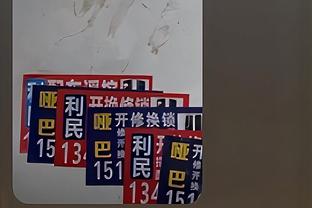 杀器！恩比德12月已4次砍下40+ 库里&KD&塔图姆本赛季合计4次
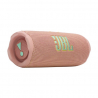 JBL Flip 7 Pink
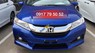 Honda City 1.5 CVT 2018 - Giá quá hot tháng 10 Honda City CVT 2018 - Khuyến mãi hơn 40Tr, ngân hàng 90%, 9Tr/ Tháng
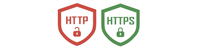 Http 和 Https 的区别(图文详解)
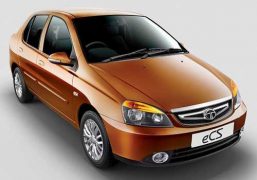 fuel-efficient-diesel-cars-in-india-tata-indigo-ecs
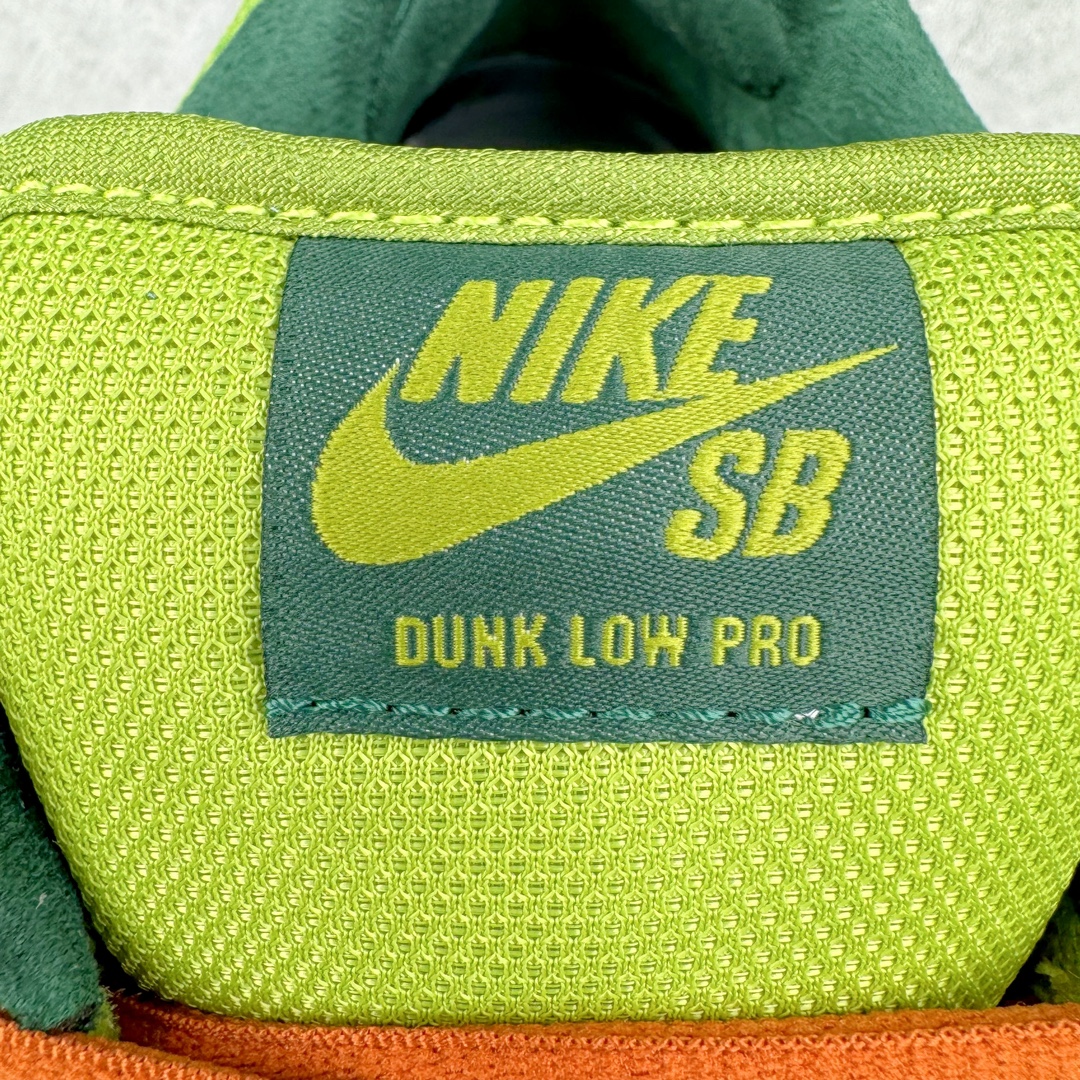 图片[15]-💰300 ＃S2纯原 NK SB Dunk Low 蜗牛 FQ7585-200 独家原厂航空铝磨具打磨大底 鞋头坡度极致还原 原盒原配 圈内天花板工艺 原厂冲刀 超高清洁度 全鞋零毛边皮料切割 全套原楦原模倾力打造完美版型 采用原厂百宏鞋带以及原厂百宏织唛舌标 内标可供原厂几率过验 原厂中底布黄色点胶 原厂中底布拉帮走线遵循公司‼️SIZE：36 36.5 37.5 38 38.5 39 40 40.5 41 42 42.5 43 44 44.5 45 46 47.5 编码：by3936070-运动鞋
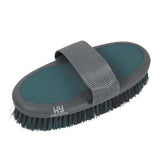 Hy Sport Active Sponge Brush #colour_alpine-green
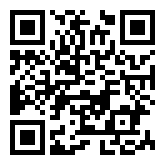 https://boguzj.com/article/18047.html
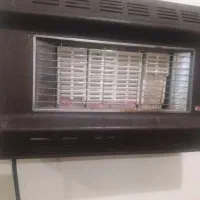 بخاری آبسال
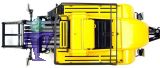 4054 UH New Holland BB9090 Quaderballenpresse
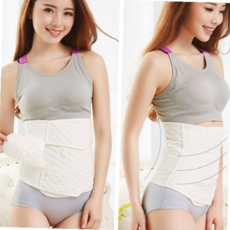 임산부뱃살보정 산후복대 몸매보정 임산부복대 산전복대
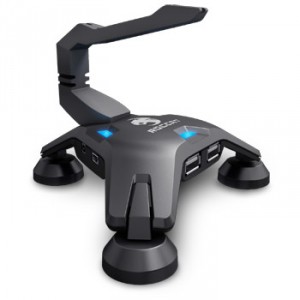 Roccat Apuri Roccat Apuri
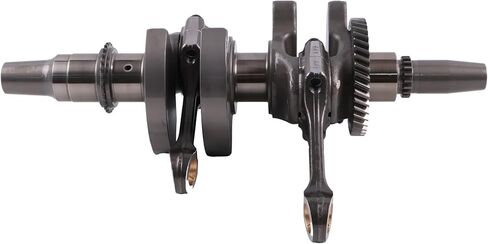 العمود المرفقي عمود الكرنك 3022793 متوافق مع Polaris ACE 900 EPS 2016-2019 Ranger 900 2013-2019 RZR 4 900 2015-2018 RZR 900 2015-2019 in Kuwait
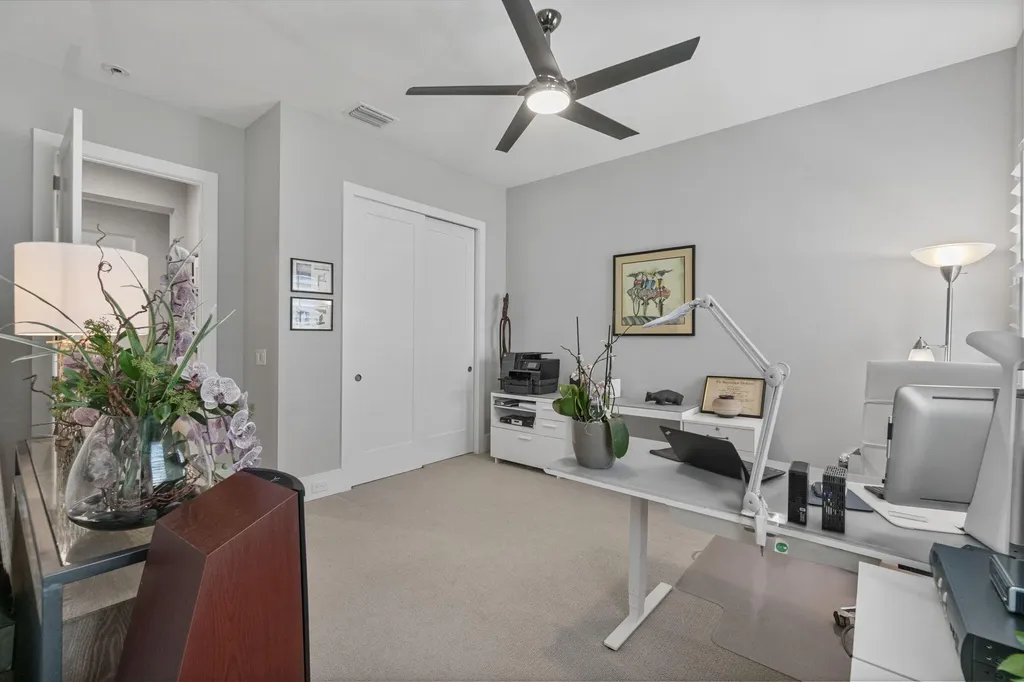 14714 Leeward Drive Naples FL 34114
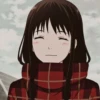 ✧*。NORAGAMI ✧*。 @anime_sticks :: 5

--

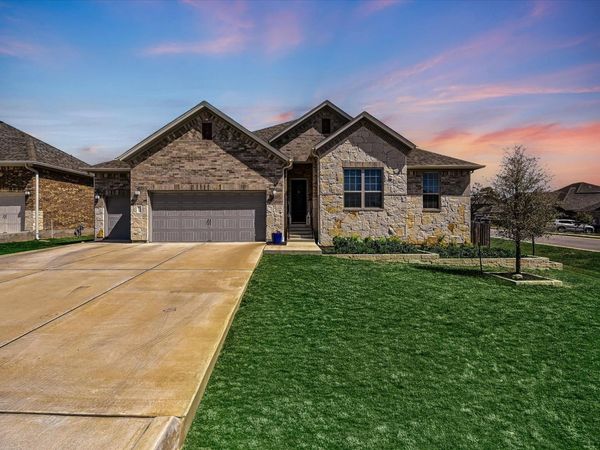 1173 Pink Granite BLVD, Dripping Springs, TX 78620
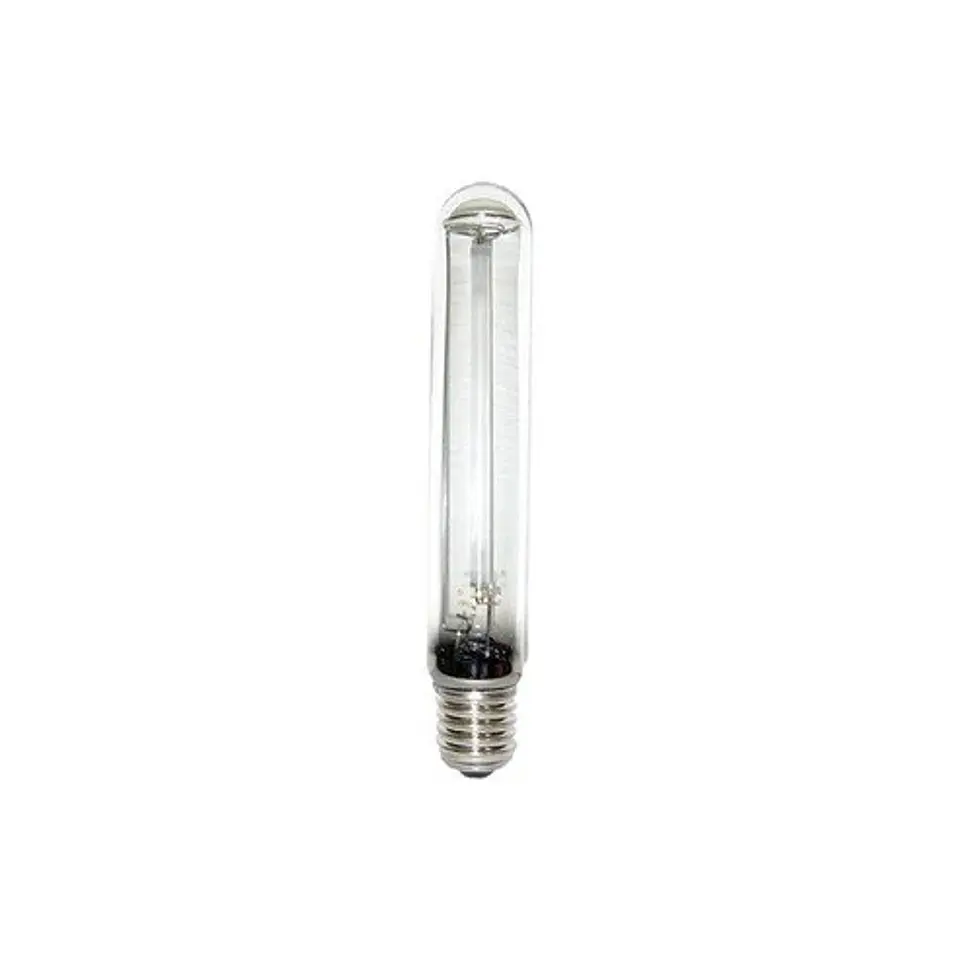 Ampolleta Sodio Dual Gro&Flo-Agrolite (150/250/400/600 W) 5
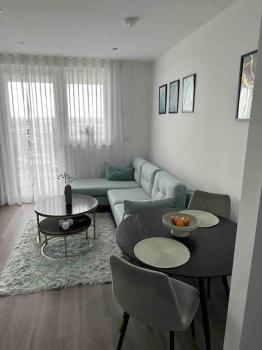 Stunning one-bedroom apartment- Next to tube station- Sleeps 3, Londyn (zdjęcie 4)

_EXERCISE PROMPT_. Set down, exactly as written above, each line from the one with "杀器！恩比德12月已4次砍下40+ 库里&KD&塔图姆本赛季合计4次" through the one with "fuel-efficient-diesel-cars-in-india-tata-indigo-ecs", and skip the pictures.

_YOUR RESPONSE_.
 杀器！恩比德12月已4次砍下40+ 库里&KD&塔图姆本赛季合计4次
 JBL Flip 7 Pink
 Honda City 1.5 CVT 2018 - Giá quá hot tháng 10 Honda City CVT 2018 - Khuyến mãi hơn 40Tr, ngân hàng 90%, 9Tr/ Tháng
 Http 和 Https 的区别(图文详解)
 fuel-efficient-diesel-cars-in-india-tata-indigo-ecs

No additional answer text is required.